Open divisions within the ruling authoritarian regime emerged in this context of labor protest, accompanied by economic deterioration. With growing social instability, the succession to the presidency of the softliner General Viola in March 1981 became the focus for ideologically based antagonisms among top officers. The discontent of the navy was particularly pronounced since, in addition to having been cut out of its turn in the succession, it was identified with a hardline approach and opposed Viola, who favored a more pragmatic economic policy and more normalized relations with conciliatory unions.

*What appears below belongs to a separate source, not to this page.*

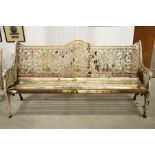 A Victorian cast iron three seat garden bench, attributed to Coalbrookdale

Labor opposition contributed to Violas inability to consolidate power. Initially divided over cooperation with Viola, the union movement reunited in an overtly oppositionist and prodemocratic stance when it became clear that Violas promised conciliation would not be forthcoming. In July 1981, the CGT mounted another general strike, and under its leadership the opposition fostered a climate of instability and a sense that civil society was getting out of control so that opposition to Viola grew even within his own branch of the military. 12 On November 7, 1981, the CGT called another mass mobilization, and two days later Viola was forced to resign.
The removal of General Viola exposed deep divisions that compromised the militarys institutional control of government. With the defeat of the softliners, the new president, General Galtieri, returned to a hardline authoritarian stance and launched the Malvinas invasion to placate the navy, which favored the venture.
According to the first argument, then diverse views on how to deal with society produced internal divisions within the Armed Forces. 13 Labors prodemocratic opposition prevented the military regime from consolidating power and led to its destabilization by reinforcing and intensifying splits within it, which the disastrous military adventure was intended to repair.
According to the second argument, labor protest directly prompted the decision of the generals to invade the Malvinas. As Ronaldo Munck put it, the military adventure of the generals cannot be explained in purely military terms.... It was the constant level of working-class resistance since 1976, which was moving from a defensive to an offensive phase by 1982, which alone explains [the] bizarre political gamble by the armed forces. 14
Opposition and protest increased after the ouster of Viola. The CGT took steps to coordinate joint action with the parties, now organized in the Multipartidaria, and on March 30, 1982, along with human rights groups and political parties, it staged the largest demonstration since the 1976 coup. By this time the COTs massive demonstrations were threatening the stability of the government and appeared to have pushed the military rulers to take a desperate step.... 15 Three days later, Argentina invaded the Malvinas islands. In this account, in order to shore up support in the face of the oppositions offensive, Galtieri activated plans for the invasion. By reviving a long-standing nationalist cause he hoped to rally the country behind the regime. 16
In either interpretation, the invasion was a desperate move to preserve a regime already in deep trouble, and pressure from the CGT was, directly or at a step removed, a major source of the problem. The invasion was launched either to address splits within the military exacerbated by labor protest or to deal with the challenge of accelerating popular mobilization in opposition to the authoritarian regime in which the CGT played a central initiating and coordinating role.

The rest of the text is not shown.